I wanted to take my shower before 8:00 PM to catch the start of the symphony broadcast that starts at 8:00 PM. Unfortunately everyone else seems to want to take their shower at this time too.
So I am starting to type out a letter to you. It is done using new carbon paper and at the 12 CPI spacing. Just for an experiment let me know if it can be scanned by the
OCR software. If it has trouble reading certain characters, it may be I need to use the 10 CPI. I need to figure out the cost of the carbon paper, but if I can use a sheet for five or ten pages, the carbon should be cheaper than the ribbon. Just one of those things to look into.
The missing parts of letters on this letter are from the sticky ribbon. Maybe you could find out if there is a store-brand available and what the cost is?
The
Russell Hobbs hot pot on
Amazon.com is exactly the one I can get and that the other inmates recommend. Would you be willing to buy it for me? I could have Mom and Dad send you a check if that would help.
My parents have decided to not send me any more food. They are willing to order it from the various catalogs but are tired of doing their own packing and shipping. They are also not willing to order stuff online. The main problem is what I really like to get is the fresh fruit and veggies. But for now I am working on getting the basics and getting the damn appeal out.
The ribbon is still sticking. Damn.
Let me go check the shower.
Well, I just got back from the shower and the concert just started. I only caught that it was an
Igor Stravinsky piece but not the name. Well, it is not
Firebird that is for sure.
I am typing out this letter directly as I go. Without trying to overburden you, I just want you to think about if you would be willing to occasionally order stuff online for me. I am thinking about maybe once a month getting some treat foods in. I could have Mom and Dad send you the funds and then you would be able to order things at your leisure. You would not need to check with my Mom and Dad at all since they would not be sending anything.
While there is a whole bunch of stuff that some of the guys get sent in such as precooked hamburger meat, etc., at this point I want to get back to my same-thing-each-day menu, eating items that are available from the commissary.

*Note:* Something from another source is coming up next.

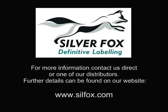For samples and for more information, please contact us directly or one of our local distributors. Further details can be found on our website.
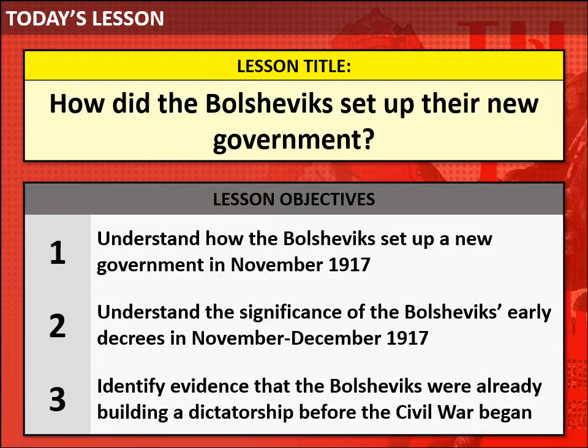In today's lesson we'll look at how the Bolsheviks set up their new government. I'd like you to understand how they did this, the importance of the Bolsheviks' early decrees in their first couple of months in charge, and we're also going to identify some evidence that the Bolsheviks were starting to build a dictatorship even before the civil war began.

It looks like I will be eating plain oatmeal for breakfast (2nd Violin Concerto by
Bartok is the next piece up), tuna salad with mustard, not mayo, and peanut butter or cheese sandwiches for the third meal. I will occasionally eat a meal in the chow hall; for example, tonight was one slice of
rectangle pizza.
So once a month you might send me some clam sauce, anchovies, and canned tomatoes. They sell pasta in the commissary along with plain tomato sauce. One of the inmates said that you could order food at
walmart.comWhat we would do is send in a sample order of certain things to be sure each product was allowed, and then once a month you would simply be able to surprise me with some special meals.
I am not trying to overwhelm you. The point is that I would be totally self-sufficient from commissary; the stuff you buy would all be bonus and probably twenty items or less. Let me know if you are interested. As I said, Mom and Dad are "funny" about certain things, but have no problem with other things. Since some of the food stuff on the web would be shipped free, it just makes it easier.
I know this letter is a rough draft format, but to be honest I am sort of typed out right now and pissed at the ribbon. Tomorrow's project is to do some more typing suitable for the blog.